Can EMS training improve performance?
In short – Yes! To maximise your performance it is best to have a combination of both EMS and traditional training methods. It is not an EMS vs traditional training situation.
EMS was used as a performance tool back in the communist block in the 1950’s and emerged into Western society in the 1970’s. It was shown that the maximal muscle contraction with EMS can be 30% higher over a maximal voluntary contraction.
For a greater understanding of muscle contraction visit the science page.
Research has proven that EMS works
EMS has had many positive results in strength enhancement and performance gains. As with any training methods it is about using EMS effectively. Your trained EMS coach will be able to specify the correct settings, timings, frequency and overall volume to maximise the performance goals you have.
Life comes with much stress, physically and psychologically
Excessive fatigue and low performance!
It has been well documented that many of the world’s top athletes use a combination of both EMS and traditional training methods. Coaches with a knowledge of EMS are able to integrate the units of EMS training into a well-developed conventional programme as well. Many research studies have shown that only focusing on EMS will at best give the same results as traditional training methods. Often athletes become fatigued with continual training, one of the benefits of EMS is that it requires no central nervous system input and therefore lessens the effects of fatigue. The combination of both EMS and traditional training has been shown to provide a significant advantage over just using one method over the other. This is due to the cumulative effect of both methods that creates a super charged training regime without the energy cost on the athlete.

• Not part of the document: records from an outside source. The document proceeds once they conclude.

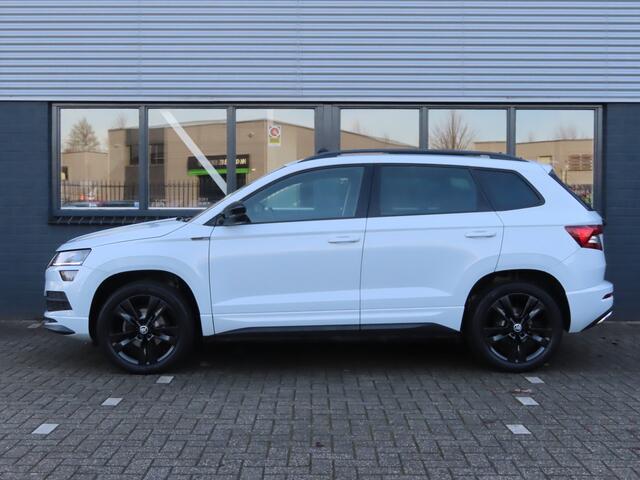 Skoda Karoq 1.5 TSI ACT Sportline Business DSG | pano dak | elektrische achterklep | virtual cockpit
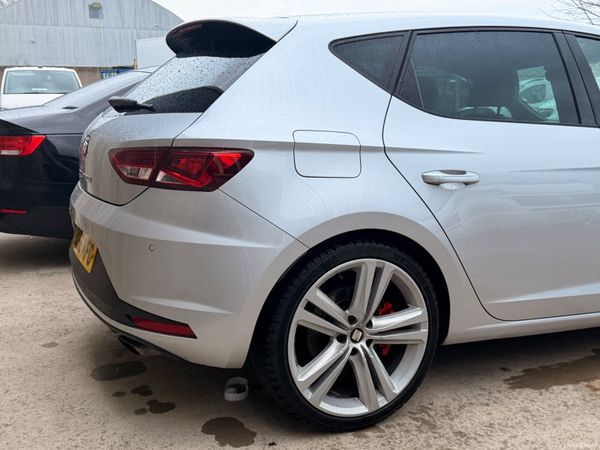 SEAT Leon  CUPRA 290 380259155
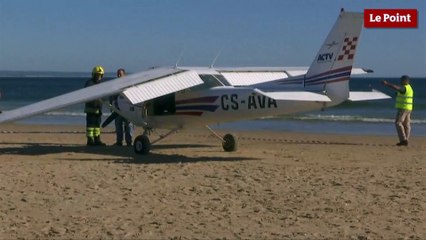 Atterrissage d'un avion sur une plage du Portugal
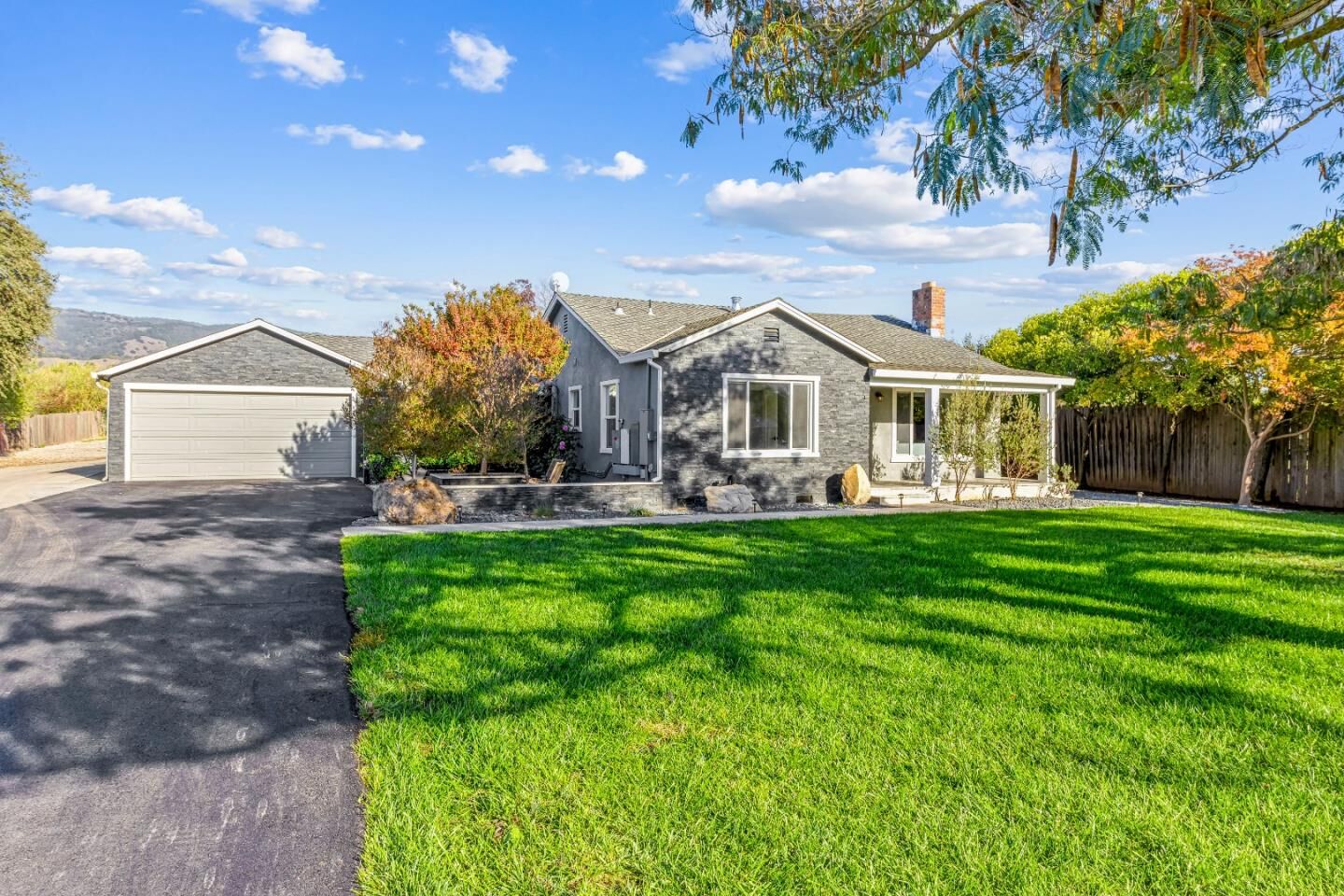 Property Photo:  11840 Foothill Avenue  CA 95020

Modern life comes with much accumulated stress both physically and psychologically, this can be heightened in athletes as they are asking their bodies to perform at such high levels. This accumulated stress can then cause excessive fatigue and interfere with performance levels. Relying completely on strength training to prepare athletes is now known to be more of a hinderance than a benefit. EMS enables the athlete to completely contract a muscle group more effectively than simply lifting weights. This is even more prominent when focussing on fast-twitch muscle fibre, which can easily be targeted with the correct frequency.
Using EMS as the sole training method would only be recommended for rehabilitation reasons. For athletes wanting to improve their overall performance, we would always recommend a well-structured programme that integrates EMS with traditional training methods.